A equação que destrói o fluxo de caixa está formada:
- Juros elevados por tempo excessivo (Selic alta, crédito comercial ainda mais caro).
- Preços das commodities despencando — A rentabilidade da soja caiu 36,7%, no milho 92%.
Custos de produção subindo com fertilizantes, logística e arrendamento pressionando margens. Nessas condições, não se trata de “risco de mercado”: é uma armadilha econômica fabricada.
O produtor é o primeiro elo a sangrar. Mas não é o único:
- Revendas reduzem vendas e crédito interno.
- Cooperativas assumem inadimplência e alongam prazos perigosamente.
- Bancos fazem provisões bilionárias, e cortam novas linhas.
- O país arrisca diminuir sua capacidade de produzir na safra 2025/26.
A rachadura é estrutural. E, no limite, afeta o superávit comercial, que depende do agro para existir.
O Banco Central fala em “reavaliar equalização” e recomendar renegociações mais rígidas.
Mas o problema não é burocrático; é estratégico. O governo demorou para agir, o Congresso ignorou alertas técnicos e o BC restringiu renegociações justamente quando o produtor mais precisava delas.
A MP 1314, recém-lançada, tenta reorganizar dívidas, mas chega tarde e com adesão baixa. O Brasil quer um produtor competitivo no mundo, mas o trata como consumidor de crédito caro e pagador de crises fiscais. Não há agro resiliente com juros incompatíveis com a atividade agrícola.

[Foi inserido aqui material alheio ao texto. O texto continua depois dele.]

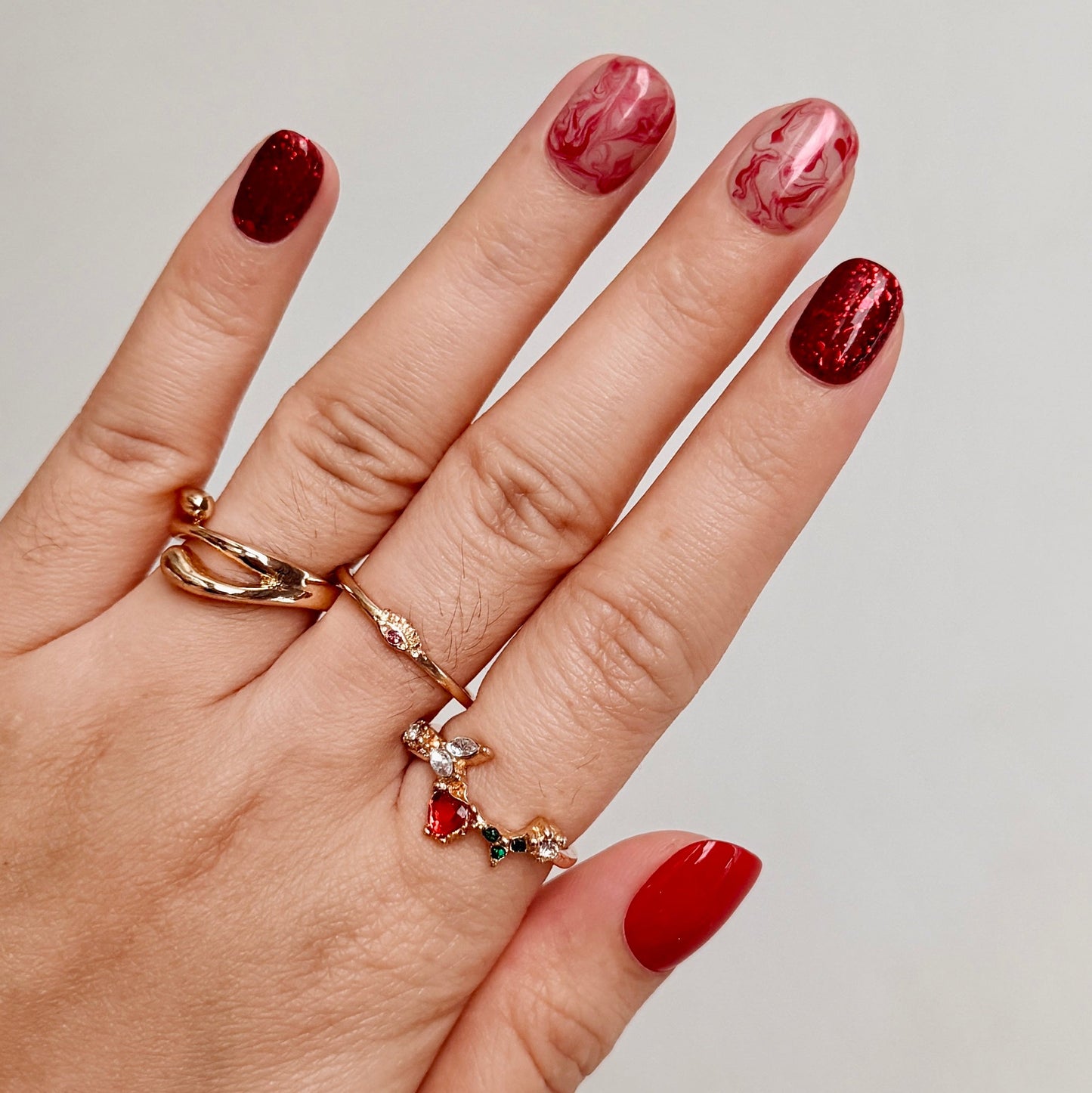 Hand with red nail polish wearing two gold rings on a neutral background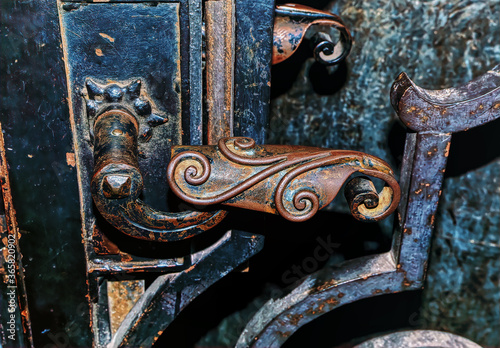 Old lock and rusty handle on natural wooden surface with rich texture.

A inadimplência recorde não é acidente. É consequência. Consequência de um país que exige produtividade europeia com infraestrutura africana; que quer alimentos baratos, câmbio valorizado e crédito caro; que transfere sua instabilidade fiscal para o bolso do produtor.
O estudo do Banco Central não revela um problema. Revela um fracasso coletivo de política econômica. E o alerta final: se o Brasil não reorganizar o crédito rural com urgência, juros, seguro, hedge e arrendamento, em 2026 pode registrar a maior quebradeira agrícola desde os anos 1990.
O campo está dizendo: “a conta não fecha”. E quem insistir em ignorar isso, cedo ou tarde, vai pagar a fatura, junto com o país inteiro.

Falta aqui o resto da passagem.